Small and Mid Cap Investing in Volatile Markets

TRANSCRIPT

Finally I want to touch on macro valuations. Our preferred method of valuing the stock market is looking at implied equity risk premiums, or how much investors demand inequities relative to bonds. The higher they demand, the cheaper stocks are. And one simple way to look at this is to look at the earnings yield on stocks as compared to the yield on Treasury bonds. And historically, stocks have yielded, depending on what time period you're looking at, 100, 200 basis points more than bonds. Currently, if you look on a trailing basis, stocks are yielding 550 basis points more than bonds, so much more than double the average over time. And pretty close to where we were in the Global Financial Crisis, which touched a little over 600 basis points. So relative to bonds, we think stocks are fairly attractive though we acknowledged that earnings will take a big hit here and take a little while to come back. But nevertheless we view stocks as pretty attractive relative to bonds. And particularly within stocks, we, of course, favor growth equities. Our confidence is pretty strong and its driven by five points. Number one, growth equities are much less cyclical in our view than value stocks. We've gone back to the past two recessions and shown that growth companies tend to be able to keep their earnings flat or even grow them modestly, while value companies have seen earnings decline on average about 40%. Secondly, growth stocks have more exposure to the digital or virtual economy, whereas value stocks have a little more exposure to physical or tangible goods, like autos and equipment which is more impacted by the border closings and the lack of free flow of goods across the world. Thirdly, value stocks are more adversely impacted by the low interest rates that you see in this crisis and in most economic crises as bonds go up and interest rates go down. That hurts the large financial weighting in value stocks. Whereas you could argue that growth stocks, and in particular the small growth stocks that Weatherbie is going to talk about, are longer duration assets and may even be helped by lower interest rates. Fourth, growth stocks generally have better balance sheets than value stocks. We think strong balance sheets are really important to help weather the storm and emerge on the other side of the crisis and thrive and take share.
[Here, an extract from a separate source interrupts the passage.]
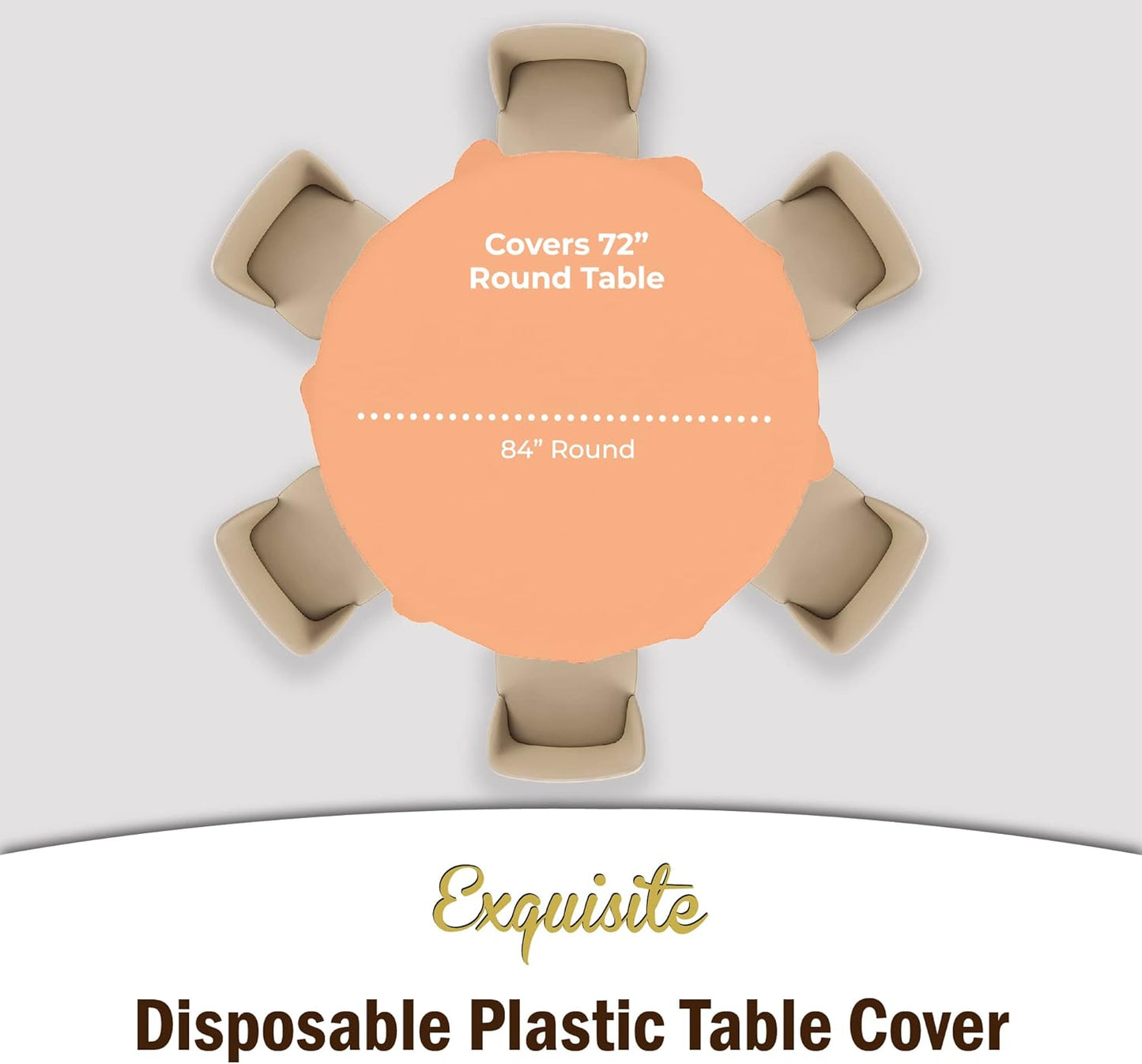 Exquisite 12-Pack Premium Plastic 84-Inch Round Tablecloth, Peach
And growth stocks are generally much more innovative, which we've written a lot about. And you can read more about on the alger.com website under Insights. And lastly, I want to mention we think it's a pretty great time for skilled active managers because the correlations between stocks within the S&P 500 are the highest that we've seen on record and our data goes back to 1995. So, it's possible that some very high quality companies have gone down, alongside with some lower quality companies and that might be producing a very good opportunity set for skilled, active managers. Alright, let's move into the Q&A portion with the Weatherbie team. Matt, let me start with you. You've been a portfolio manager for a long time and during your career you've been through many financial and economic crises. Can you help us understand how you're feeling about this portfolio in light of the current crisis? Matt Weatherbie : Brad, we've seen the VIX exceed 40, a historically high number for a number of days in a row now. And most recently it's been over 50. So, fear is rampant. I have seen these market crises before, including 1987, 1998, 2000 to 2002, which included 9/11, 2008, 2009 and most recently, the fourth quarter of 2018. That experience can help us to put things in perspective. In the current pullback, first we saw a lot of what we consider to be low quality companies decline. Next, the best higher quality companies, the ones we seek to invest in, are also being thrown overboard. We believe that Weatherbie 50 – our portfolio, are still excellent businesses. Evidence from some economists suggest that we may now have entered a recession due to COVID-19. A great majority of stocks have fallen sharply in this waterfall market decline. We believe that when they bottom out, the highest quality companies should recover the first and strongest, just like 1987, 2009 and 2018, which this downturn reminds me of. We believe the Alger Weatherbie Specialized Growth strategy is a portfolio of such companies. Brad Neuman : Great. Thank you. Can you also maybe discuss the portfolio positioning and any subtle shifts you've made recently?